The wives of dual Russian informal governors and a State Duma lawmaker have surfaced a list of a richest spouses of a country’s state officials, earning hundreds of millions of rubles (millions of dollars) in strictly announced income, a Forbes Russia repository reported Wednesday.

The list of a “richest wives of Russian functionaries” was surfaced by Olga Bogomaz, who is married to a behaving administrator of a Bryansk region, Alexander Bogomaz. Her income in 2014 — formed on a latest taxation stipulation filed — reached 695.5 million rubles ($9.5 million), Forbes Russia reported.

The categorical source of Olga Bogomaz’s income comes from her cultivation association “Bogomaz,” that reserve most of a potatoes sole in a region’s stores, according to a report.

Her husband’s income in 2014 stood during 3.3 million rubles ($45,000), a news said.

Second place in a list went to a mother of Tula informal administrator Vladimir Gruzdev, Olga, whose 2014 income stipulation settled gain of 619.5 million rubles.

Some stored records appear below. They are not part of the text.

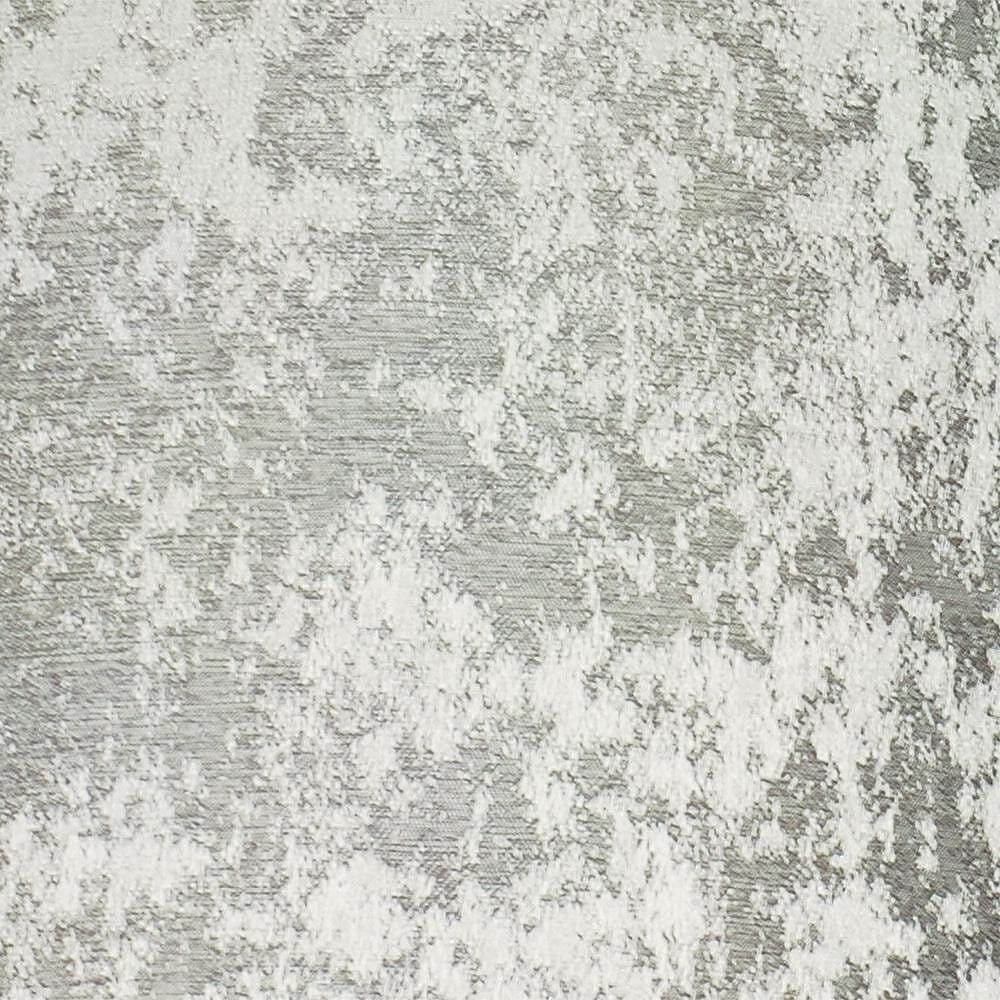 ТЕКСТИЛ ГАЛАТА СРЕБРО - НАСТОЛНА ЛАМПА АТЛАС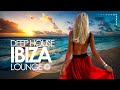 House Relax 2020 (New & Best Deep House Music | Chill Out Mix #72)
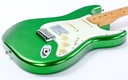 [MX21149856] Fender Stratocaster Player Plus HSS 75th Ann. Candy Green 2021-11.jpg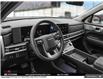 2025 Hyundai Santa Fe HEV Preferred (Stk: U109516) in Brooklin - Image 11 of 24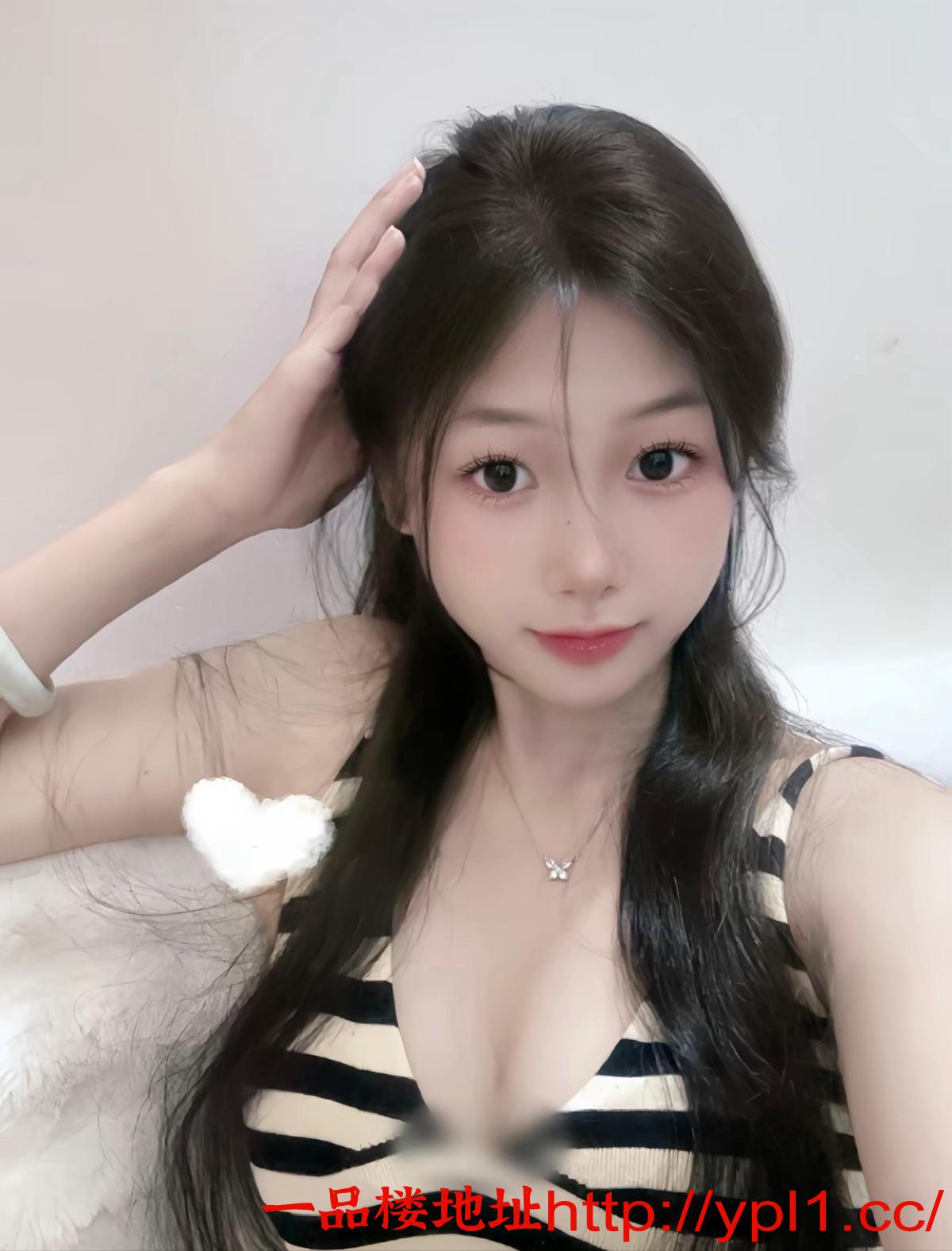 闵行区年轻貌美身材好很润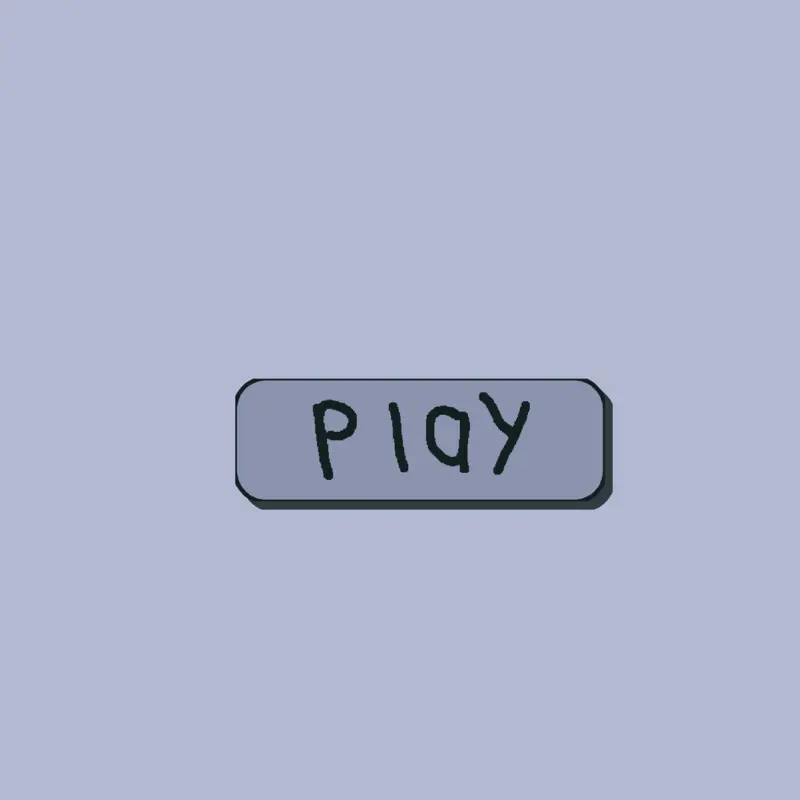 Game by @toyota_rush
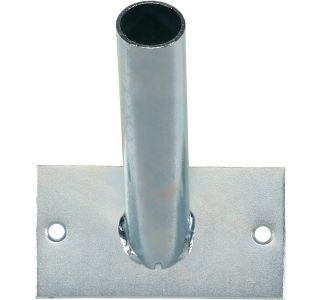 NOSILEC ZA ZASTAVO ALBERTS ENOJNI ZA ENO ZASTAVO POCINKAN NOSILEC ZA ZASTAVO ALBERTS ENOJNI ZA ENO ZASTAVO POCINKAN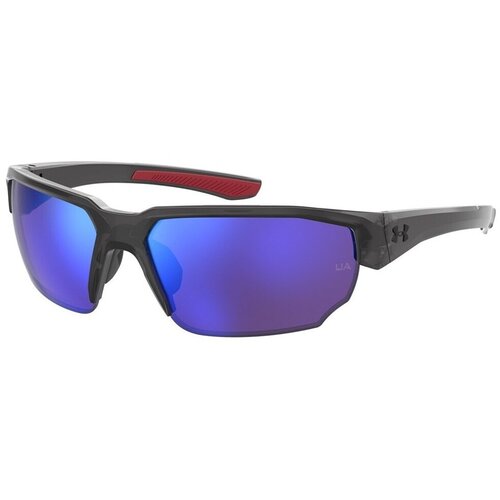 Under Armour ua0012s268 Plava Cene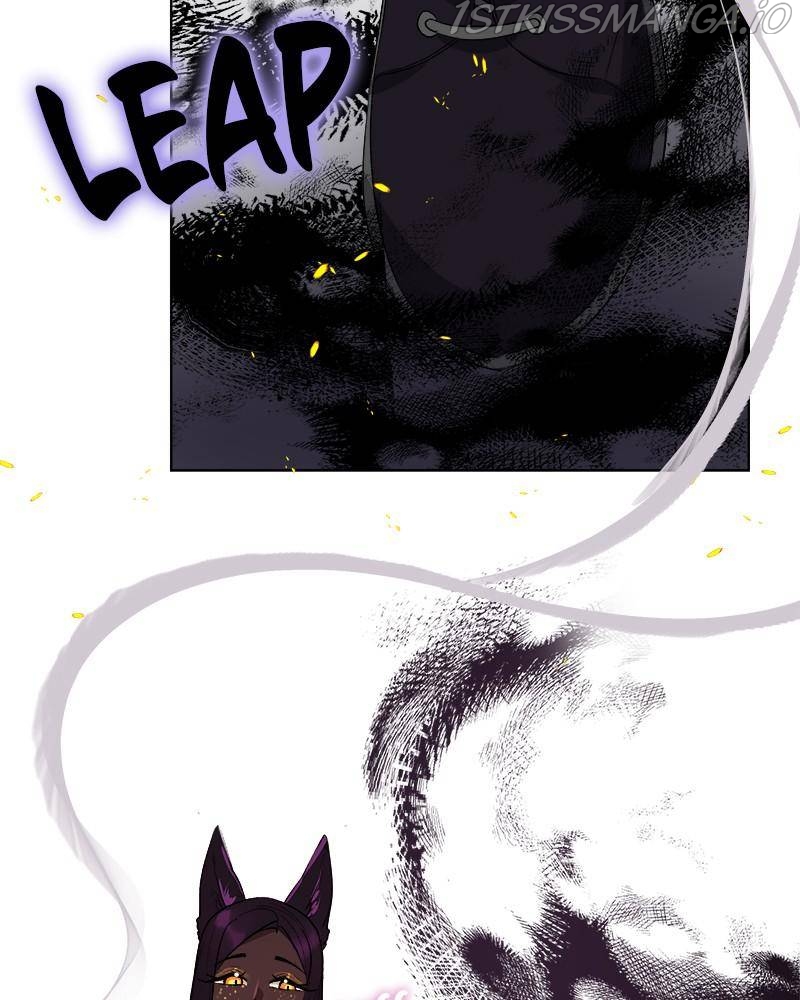 The Princess’ Jewelry Box Chapter 29 page 84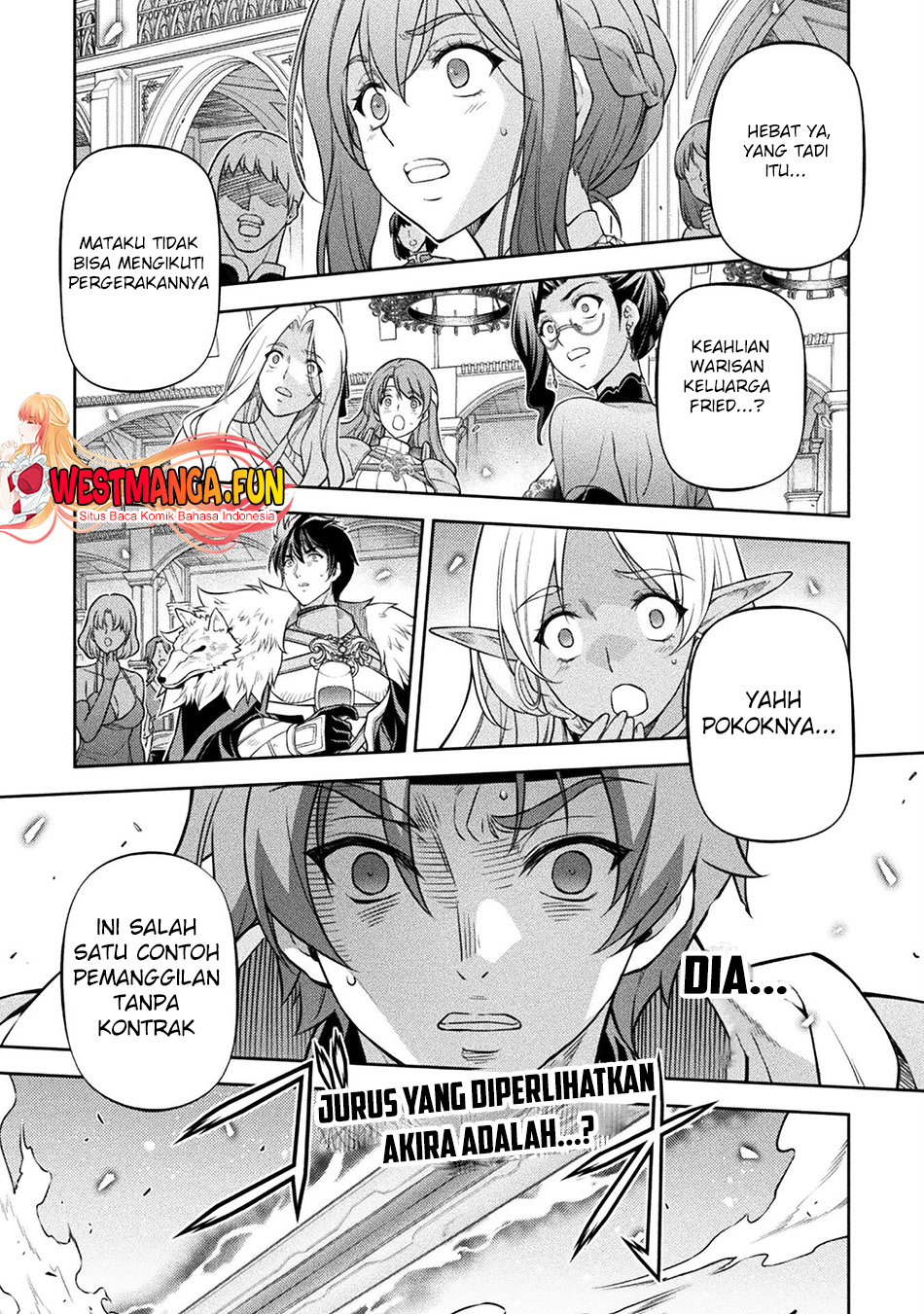 Chapter 105 - halaman 3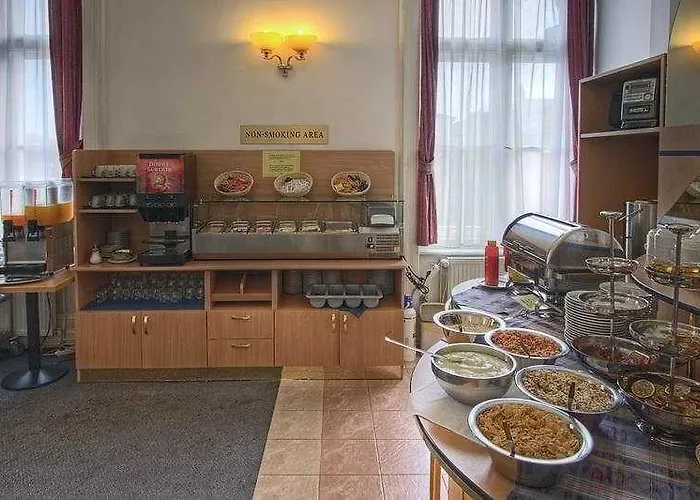 City-inn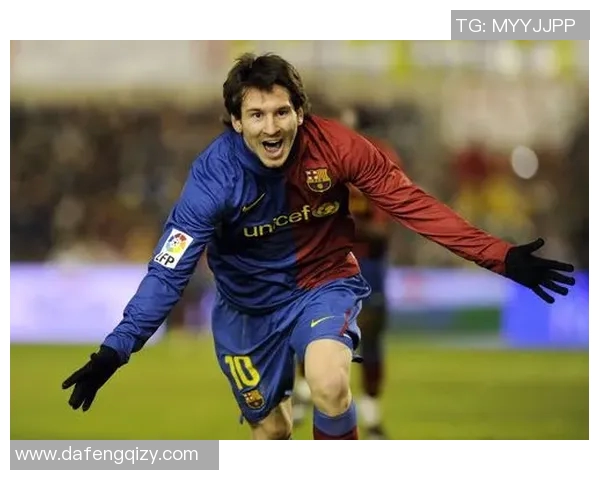 足球明星风采尽显精彩瞬间高清图片大集合 足球明星风采尽显精彩瞬间高清图片大集合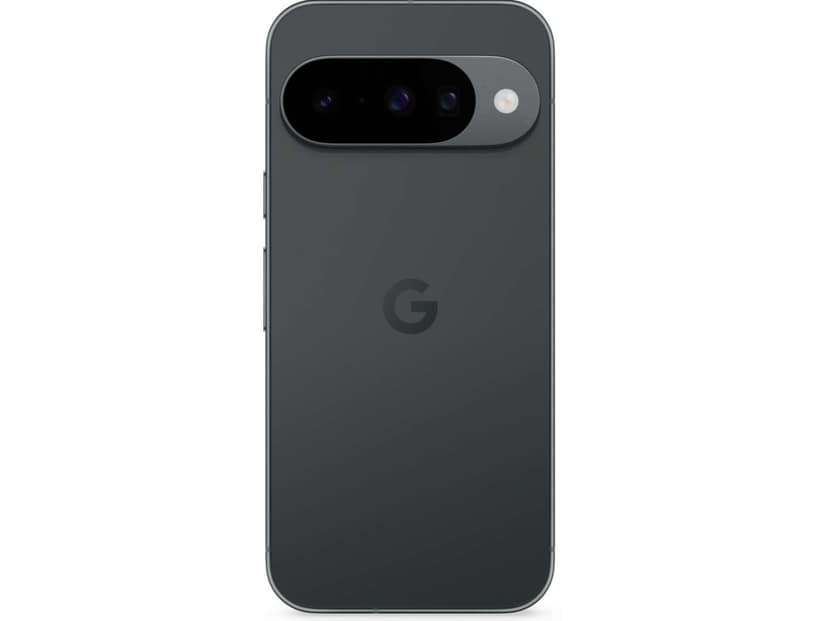 GOOGLE Pixel 10 Smartphone, 12GB RAM, 256GB Storage - Obsidian view 2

A former conform model, Olga Gruzdeva owned stakes during several times in vast sell companies, including a “Seventh Continent” supermarket chain, “Fashion Continent” company, and FinService bank, Forbes Russia reported.

Olga Gruzdeva’s income was surpassed, however, by that of her husband, whose gain totaled 1.1 billion rubles ($15 million) in 2014, a news said.

The third-richest mother on a list was Yekaterina Vainshtein, who is married to a State Duma emissary from a Liberal Democratic Party, Sergei Vainshtein. Yekaterina Vainshtein announced an income of 598.5 million rubles in 2014, while her father announced gain of 253 million rubles.

Much of Yekaterina Vainshtein’s 2014 income came from a sale for an undisclosed volume of “Dialysis Center” outfits in a city of Chelyabinsk to Germany’s B. Braun association in Aug that year, a news said.

The normal income in Russia stood during somewhat some-more than 32,000 rubles per month, or about 385,000 rubles ($5,245) per year, in mid-2015, though 70 percent of employees warranted reduction than that amount, according to central figures.